• [Exercise instructions] From the entries below, reproduce exactly the line containing "professional cosmetologist 138262393", the line containing "Photo of Pavlova", and every line in between, with nothing added.

• [Source data]
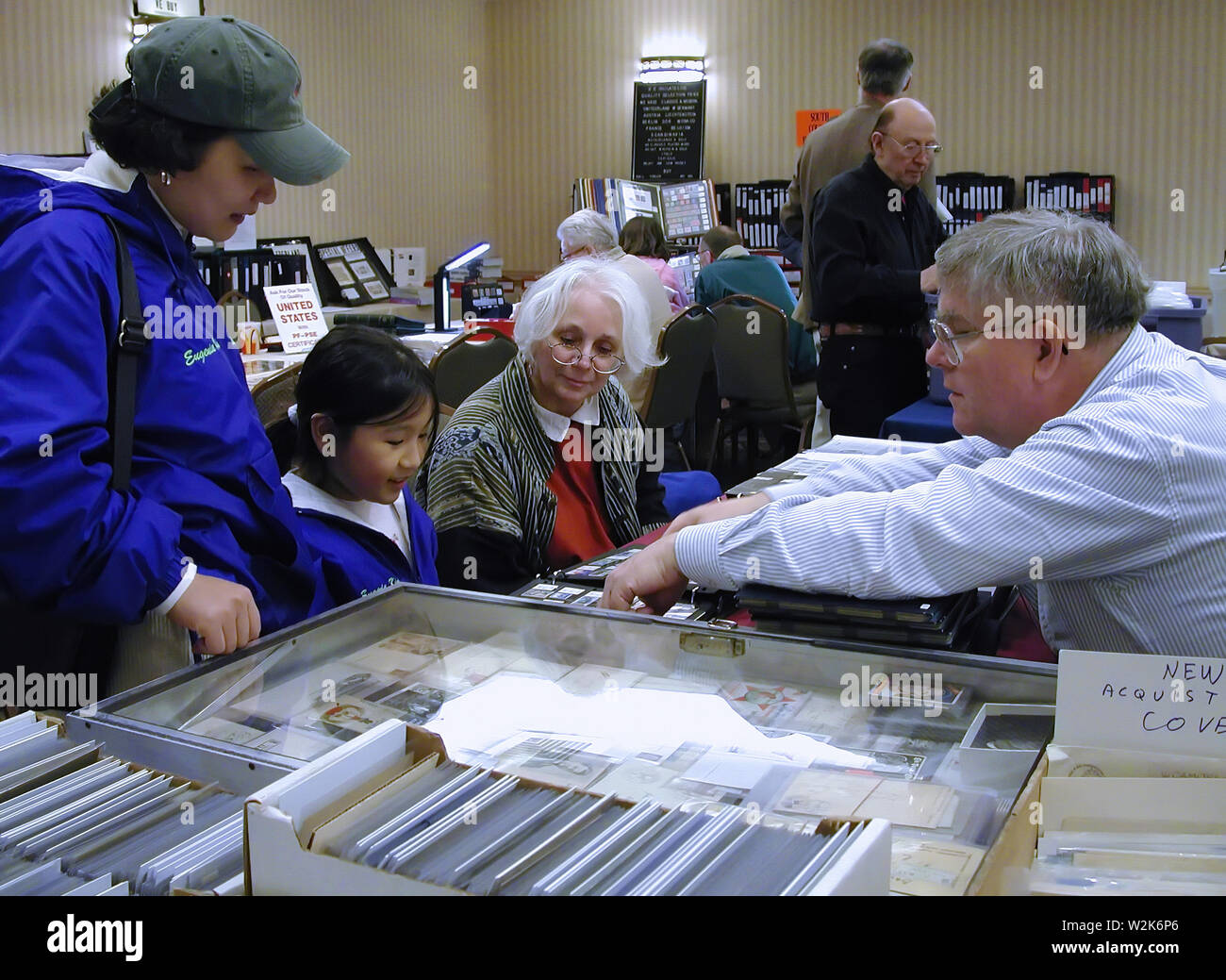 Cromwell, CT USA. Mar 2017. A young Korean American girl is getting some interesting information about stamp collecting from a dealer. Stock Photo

==

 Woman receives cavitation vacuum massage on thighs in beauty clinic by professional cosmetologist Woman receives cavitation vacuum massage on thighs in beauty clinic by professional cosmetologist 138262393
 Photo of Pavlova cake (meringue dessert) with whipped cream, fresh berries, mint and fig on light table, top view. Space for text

• [Result of this exercise]
 Woman receives cavitation vacuum massage on thighs in beauty clinic by professional cosmetologist Woman receives cavitation vacuum massage on thighs in beauty clinic by professional cosmetologist 138262393
 Photo of Pavlova cake (meringue dessert) with whipped cream, fresh berries, mint and fig on light table, top view. Space for text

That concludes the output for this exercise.